# Big Jim Bow Quiver problem?



## Jeff Roark (Oct 26, 2011)

Hey fellas, 

has anyone here been using the Big Jim Bow Quiver? If so, do you have problems keeping your arrows up in the hood? Its like every time I turn around my arrows are backing out of it and I am having to push them back up in it. I replaced the foam in the hood and it hasn't seemed to help. I even tried putting some string wax on my broadheads hoping they would stay put a little better but no luck.

I just got the quiver last year so surely the bottom part should still be good.

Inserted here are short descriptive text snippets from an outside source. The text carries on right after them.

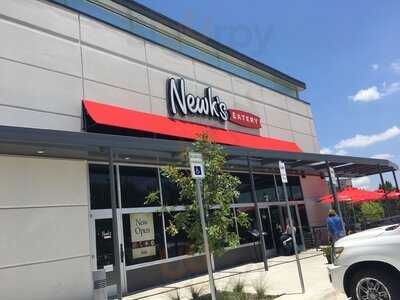 Newk's Eatery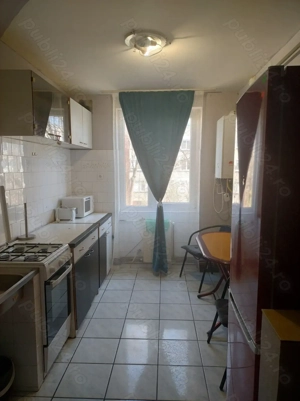 Proprietar, ofer spre inchiriere apart 2 camere semidecomandat, conf 1, et 2, central, 300 euro - imagine 2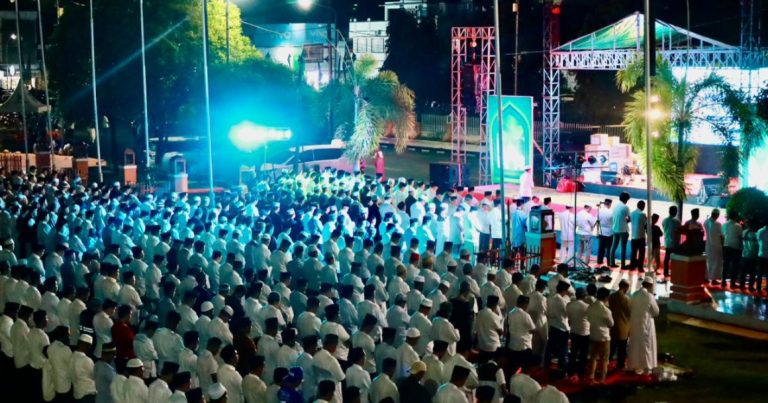 Warga Tumpah Ruah di Maulid Akbar Bulukumba, Dua Pegawai Raih Hadiah Umrah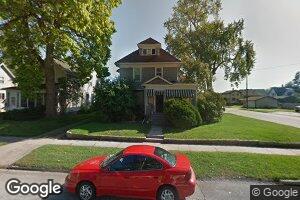 1402 N Main St, Oshkosh, WI 54901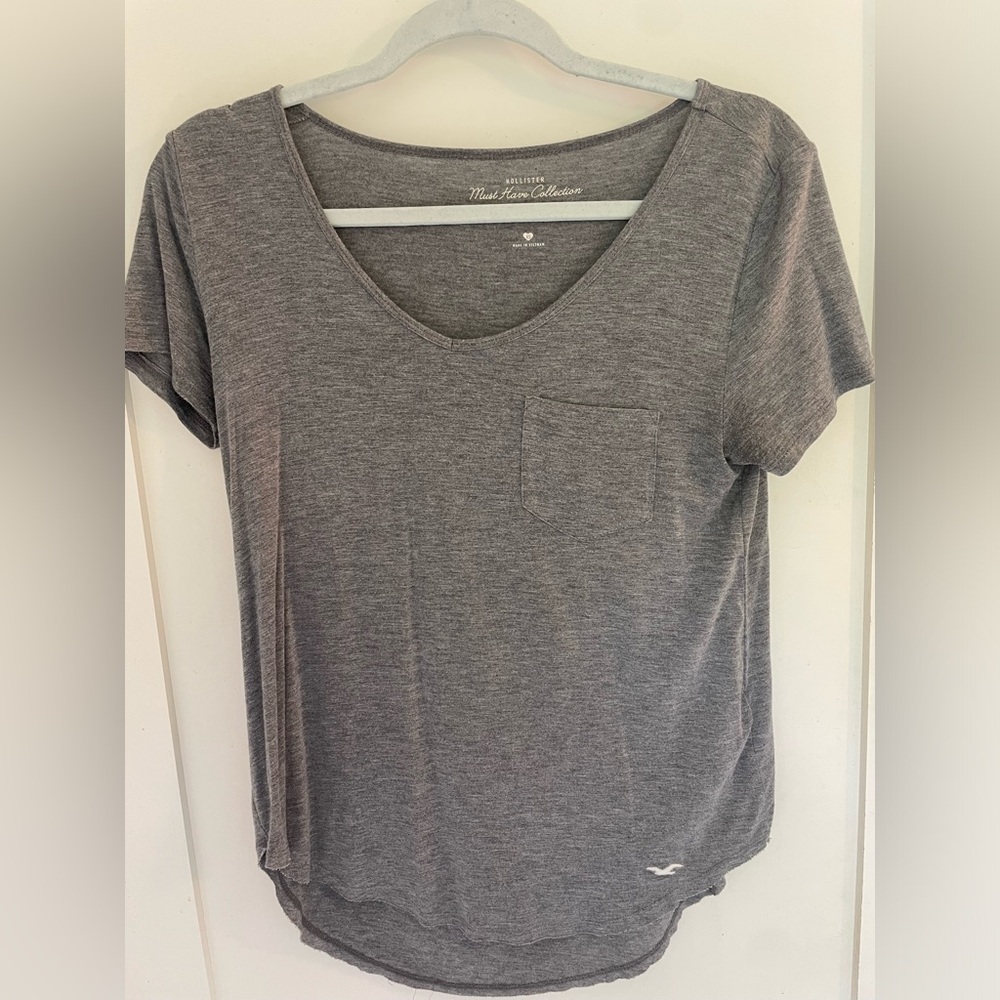 hollister tee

Any tips on keeping arrows put with this quiver?


----------



## hogdgz (Oct 26, 2011)

Contact Big Jim, I know he can help u. I do know he will be headed to Illinois on friday to go hunting.


----------



## Jeff Roark (Oct 27, 2011)

I will, but I figured it may be me or something. I know I am not the sharpest tool around and was simply missing something here even though its just a quiver.


----------



## RogerB (Oct 27, 2011)

If I shoot (practice) with my Big Jim quiver on, I also have to push my arrows up every few shots, but I have never found a quiver that I didn't have to. They don't back out carrying them in the woods and for one shot (hunting) it seems to hold as well as any.


----------



## ky_longbow (Oct 27, 2011)

ive got 2 bigjim quivers, and honestly have no problems with 3 blade or 2 blade heads.......


----------



## broadhead (Oct 27, 2011)

I found that by angling the rubber piece that holds the shafts in an upward position it helps hold the broadheads in the cover better.


----------



## ErickS (Oct 27, 2011)

I have had a Big Jim quiver for a year now and have not had any issues. The only time I have an arrow move is when I use a small game tip that does not cut into the foam. Then I just angle the bottom like Broadhead mentioned.


----------



## markland (Oct 27, 2011)

Are there smaller arrow shaft grippers available for the quiver, that might help or wrap rubber bands around the arrow gripper slots and that may hold your arrow shafts tighter.


----------



## ALwoodsman (Oct 28, 2011)

I have also noticed this but it is when I am doing alot of shooting with the quiver on the bow.  When I am hunting it seems to do fine.


----------



## longbowdave1 (Oct 28, 2011)

I have two Big Jim quivers and they work well. Try sliding the two pcs of the quivers closer to the center of the bow where the limbs are thicker. If your quiver is clamped to the "working " parts of the limbs, it twists the two pcs. of the quiver with each shot of the bow, loosening the arrows.


----------



## BigJim Bow (Nov 6, 2011)

Longbowdave hit it on the head (well probably anyway). If you don't insert the heads deep enough into the foam, it may also back out a little. I do have grippers for small shafts also.
they should not back out. I never take mine off unless I'm breaking it down and "almost" never have them back out. I don't take the arrows out of the quiver when I take it off either. 
If you call me, I can help you try to figure out the issue.
thanks, bigjim


----------



## devolve (Nov 6, 2011)

I use axis size shafts in my BJ quiver. They are loose but I angle the gripper and have no problems.


----------



## markland (Nov 7, 2011)

If your back Jim we are waiting on a update of your hunt???


----------



## devolve (Nov 7, 2011)

markland said:


> If your back Jim we are waiting on a update of your hunt???



its a good one!

http://forum.gon.com/showthread.php?t=654433


----------



## markland (Nov 7, 2011)

Yep figured there was a thread somewhere, I just responded to me e-mail notice on this thread will be checkin it out on the forum later.  Thanks


----------